AMA & Law Society: Doctors and Lawyers Oppose Keys ‘End of Life’ Bill

First Floor, 80 Brougham Place, North Adelaide SA 5006

Doctors and Lawyers Oppose Keys ‘End of Life’ Bill

Dr Peter Sharley, President of the AMA(SA) and Mr Ralph Bonig, President of the Law Society of South Australia have jointly stated opposition to the proposed amendments to the Criminal Consolidation Act which will make it easier for doctors to provide treatment which shortens a persons’ life.

The AMA(SA) supports appropriate palliative care treatment to prevent the pain and suffering of patients - even if this treatment may hasten death in an unintended way. 

‘The Consent to Medical Treatment and Palliative Care Act currently protects doctors doing this’ states Dr Sharley. This bill is really about doctors ending the lives of patients, in other words providing euthanasia. Not only that, it has a serious lack of protection for patients. There is no proper process, witness, second opinion or required documentation. 

A doctor could carry out ‘treatment’ which effectively kills the patient with only the word of the doctor as evidence.

It is disturbing that the Bill is being presented as a defence for doctors when we do not see the need for this approach. Doctors are also concerned the Bill if passed will undermine the focus on effective high quality palliative care whilst placing doctors at risk of criminal charges.

‘This legislation has been progressed by stealth and with no proper informed community debate’ states the AMA(SA). And, because of its vague and subjective language is open to abuse. Dr Sharley stated ‘it tells you something is wrong when a doctors’ organisation is saying that the doctor is being given too much power, and that the patient does not have enough protection’. 

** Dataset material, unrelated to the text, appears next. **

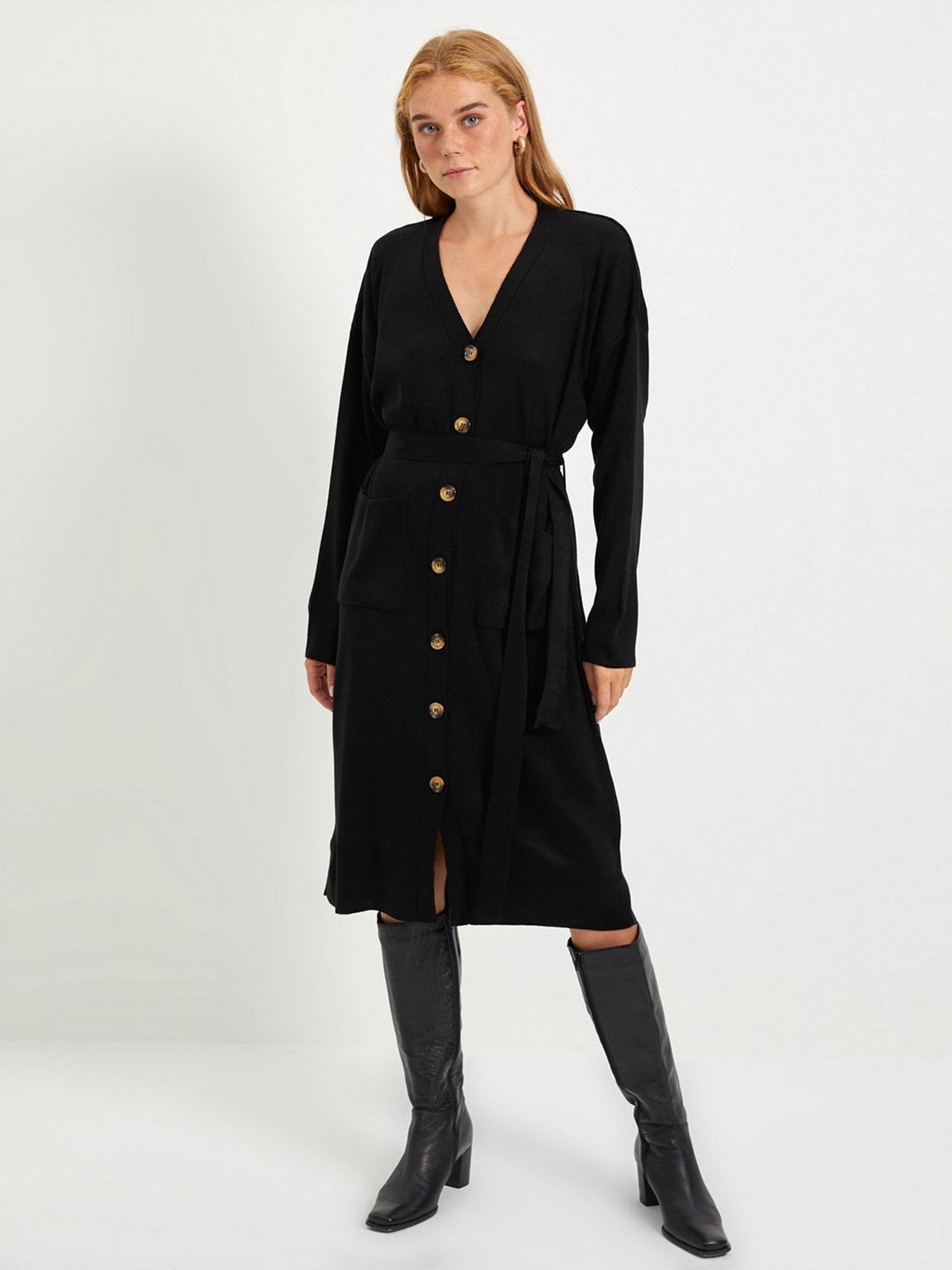 Платье миди Trendyol модель TWOAW22EL0034/Siyah Фото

These concerns are backed by the Law Society of South Australia who, without wishing to comment on whether voluntary euthanasia should be legalised, expressed its concern in relation to the Bill.

‘The effect of the Bill is to decriminalise murder, manslaughter, assisted suicide and voluntary euthanasia in certain circumstances’ states Mr Bonig. The Bill is deficient in that it does not have the ordinary safeguards that typical voluntary euthanasia legislation should have. 

Both the AMA(SA) and the Law Society are concerned that the Bill affords no protection to a practitioner nor to the patient or their family and loved ones. Mr Bonig has previously stated that concepts such as ‘reasonable grounds’ and ‘intolerability’ contained in the Bill are extremely vague and open to subjective interpretation.

For those of us who have seen a family member suffer in the last years of their life, this is an emotive issue however this Bill is deficient and does not provide an appropriate framework for the protection of all involved. 

For the reasons above, the AMA(SA) and the Law Society of South Australia do not support this bill.